Why Your Coaching Isn’t Working?
By Tom Davidson
As my Dad used to say, “Working with people is like shoveling smoke. Just when you think things are going in one direction, they go another!”
As a supervisor and leader at any level, one of your most important jobs is to coach others to higher levels of performance, but it can be a bigger challenge than you might think.
After over 35 years as a first-line supervisor, manager of managers, executive and volunteer leader, and after 15 years as an executive coach, I’ve learned that there is a hidden hierarchy of needs that can thwart even the best leadership coaches.
Use this template to determine why your coaching might not be working.
- Are they smart enough?
- Do they have a learning mindset?
- Are they aware of their impacts?
- Do they care about changing?
- Do they know what to do?
- Do they do it?
Putting the hidden hierarchy to work
Let’s assume that your coaching skills are excellent, the conditions and terms are right for coaching, and you are the best one to do the coaching. In assessing your coaching situation, answer the questions above “yes” or “no” – in the order presented – and you are very likely to discover why your coaching isn’t working.
- Are they smart enough? Even if your associate has fancy college degrees, analytical skills in their current job and high self-confidence, they may not be sufficiently able to recognize assumptions, evaluate arguments and make accurate deductions. Critical thinking skills can be developed, but without a sufficient baseline, you’re stuck before you even get started.
- Do they have a learning mindset? Your subordinate needs to have a learning attitude, best described by Dr. Carol Dweck in her book, Mindset: The New Psychology of Success. Without a learning mindset, even the best coaching will fall short of its potential. The good news is that we can all choose to have what Dr. Dweck calls a “growth mindset” rather than a “fixed mindset.”
- Are they aware of their impacts? It’s been said a thousand ways: “Leader know thyself, first.” Without sufficient awareness, your coaching won’t work because your client remains in the dark. To change the outcome, successful supervisors need to gather and share feedback, employ coaching tools like 360-degree feedback, and bring in experts on personality typing, to name a few options.
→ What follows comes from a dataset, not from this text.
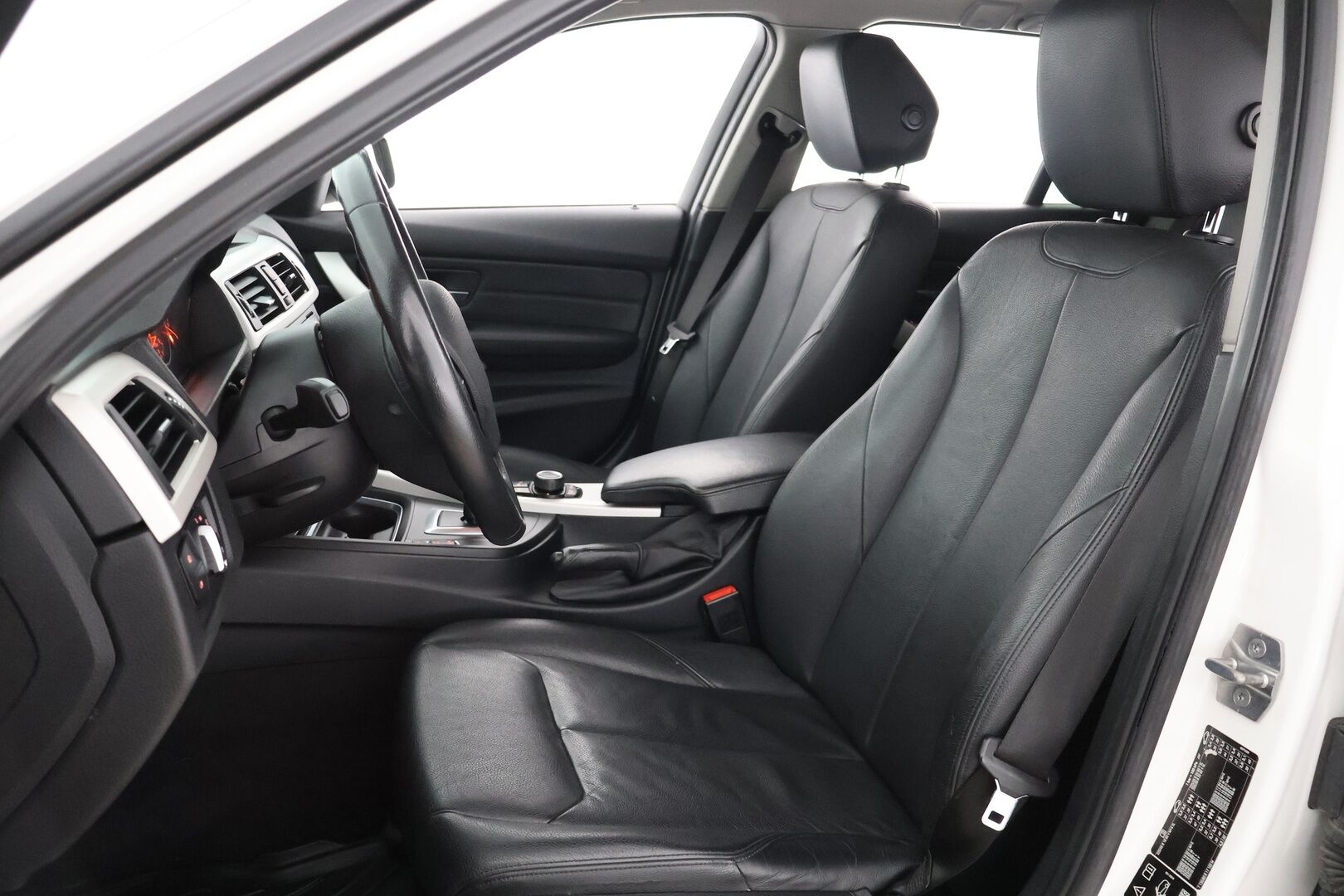 BMW 320 2015 F31 Touring 320i TwinPower Turbo A Limited xDrive Edition - Suomi-auto | P.tutka | Xenon | Juuri huollettu!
The harder the case, the more data you need.
- Do they care about changing? “You can lead a horse to water, but you can’t make him drink,” goes the old saying, and it’s just as applicable to coaching. If your direct report is smart enough, has a learning mindset, is aware but doesn’t care to change, then don’t bother going on. All you can reasonably do is help them see how their impacts are getting in the way of something they want for themselves. In this situation, the manager is helping the person see the alignment or misalignment so the associate can make better choices.
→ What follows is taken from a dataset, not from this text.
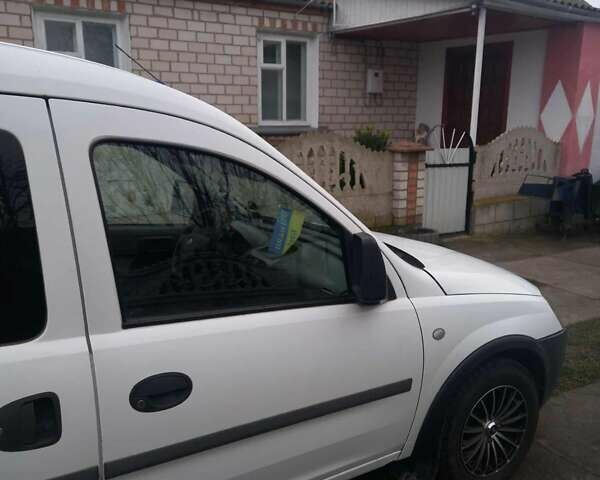 Белый Опель Комбо груз.-пасс., объемом двигателя 1.7 л и пробегом 455 тыс. км за 2500 $, фото 7 на Automoto.ua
- Do they know what to do? This is where most managers begin their quest for improving the performance of others, by sending people to training courses, exposing them to leadership models, and giving them step-by-step instructions. Before your coaching can stick, the team member has to have relevant principles to apply, new skills to practice and an action (or development) plan. If they have cleared the four previous hurdles, then you’re coaching might just work if your client also knows what to do.
- Do they do it? As a manager or supervisor, your coaching still might fail your subordinate if they don’t follow through and do things differently. Albert Einstein said, “Insanity is doing the same thing over and over again but expecting different results.” It’s entirely possible for someone to be smart enough, have a learning mindset, be aware of their impacts, care about changing, know what to do but fail to do it.
Knowing where you are on this hidden hierarchy might just be the secret as to why your coaching doesn’t work.